Conclusions and Future Research

The PHP Intelligent Tutoring System is a system that has been designed to help students learn basic PHP programming on their own. It provides students with exercises to solve and provides feedback regarding the correctness of their solution. In doing so, it analyses PHP programs written by students to see if they match the specifications of the exercise. This is a difficult task since programming problems have many correct solutions. The knowledge base of the PHP ITS uses concepts from Artificial Intelligence (AI) and First-Order Logic to try to solve this problem.

The PHP ITS converts a student program into a set of facts and compares it against an overall goal in order to see if it is correct. Errors are identified by comparing the facts resulting from the student program against the facts in the overall goal.

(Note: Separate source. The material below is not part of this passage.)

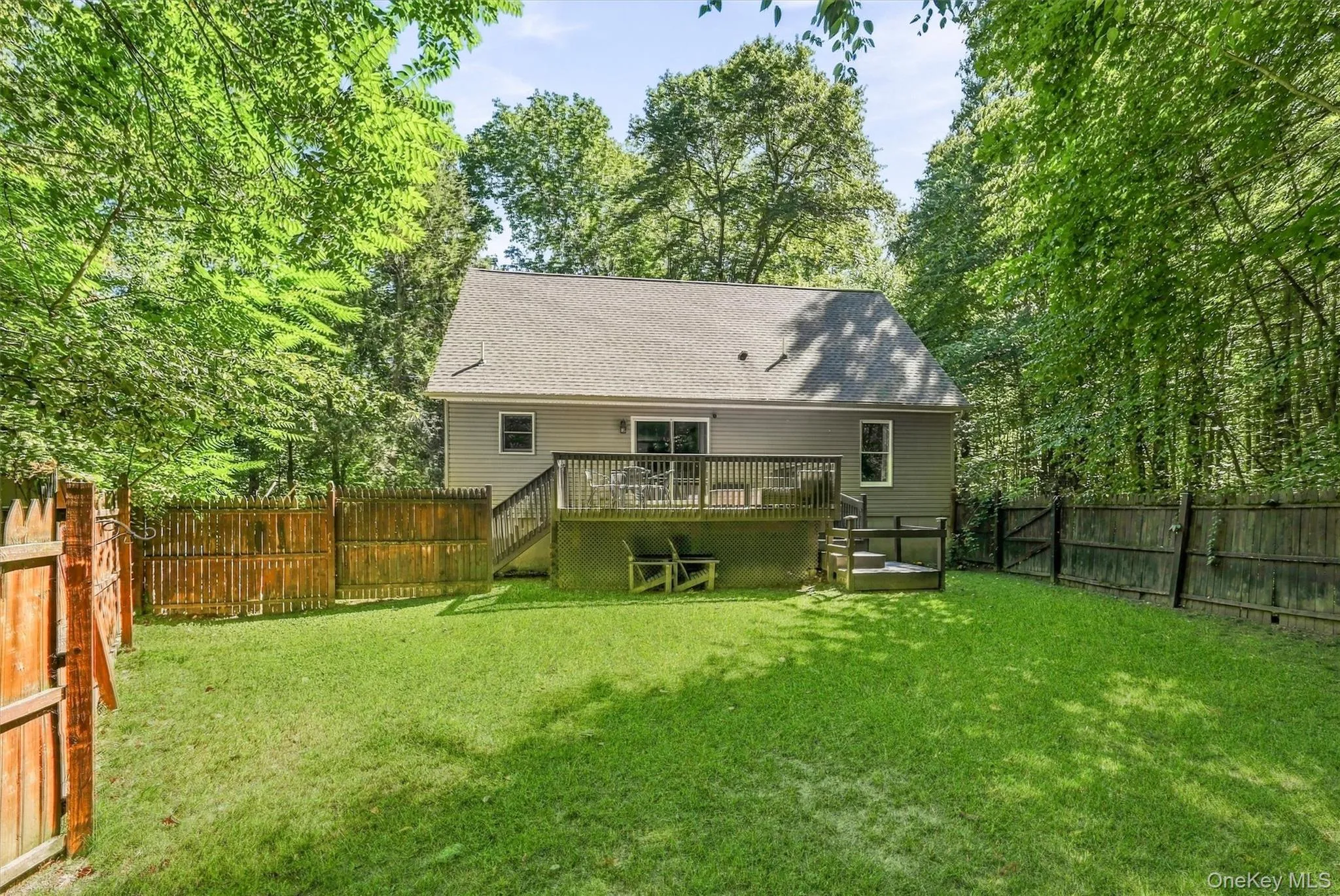 Expansive backyard featuring a manicured lawn, wood fencing, and a multi-level wood deck with stairs Expansive backyard featuring a manicured lawn, wood fencing, and a multi-level wood deck with stairs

Appropriate feedback is provided to the student based on which exact facts are missing.

The program analysis process of the PHP ITS does not cover all aspects of programming in PHP. It is aimed at novice students wanting to learn the programming language, so it does not delve into more advanced topics such as classes and objects. It covers the basics of displaying data on web pages, selection structures, certain types of loops, pre-defined and user-defined functions, arrays and HTML form processing. It would be useful for the system to cover a wider range of PHP topics but this would require considerable effort since the knowledge representation for each of these concepts have to be considered separately.

The PHP ITS was evaluated using two sets of postgraduate students at the Queensland University of Technology. The solutions submitted by the students were stored together with the results of the analysis. These results were then examined manually to see whether the program analysis process was correct. The results of this manual analysis showed that the PHP ITS analysed the solutions correctly over 96 % of the time. However, the accuracy should be tested by further empirical evaluations of the system. Such evaluations could also investigate the interesting question as to what level of accuracy must be achieved by the system in order to maintain student confidence. While 100 % accuracy is the ideal, it may be that a system that is 95 % accurate (say) is sufficient in the complex domain of computer programming. I.e. a system that is mostly correct is better than no system at all.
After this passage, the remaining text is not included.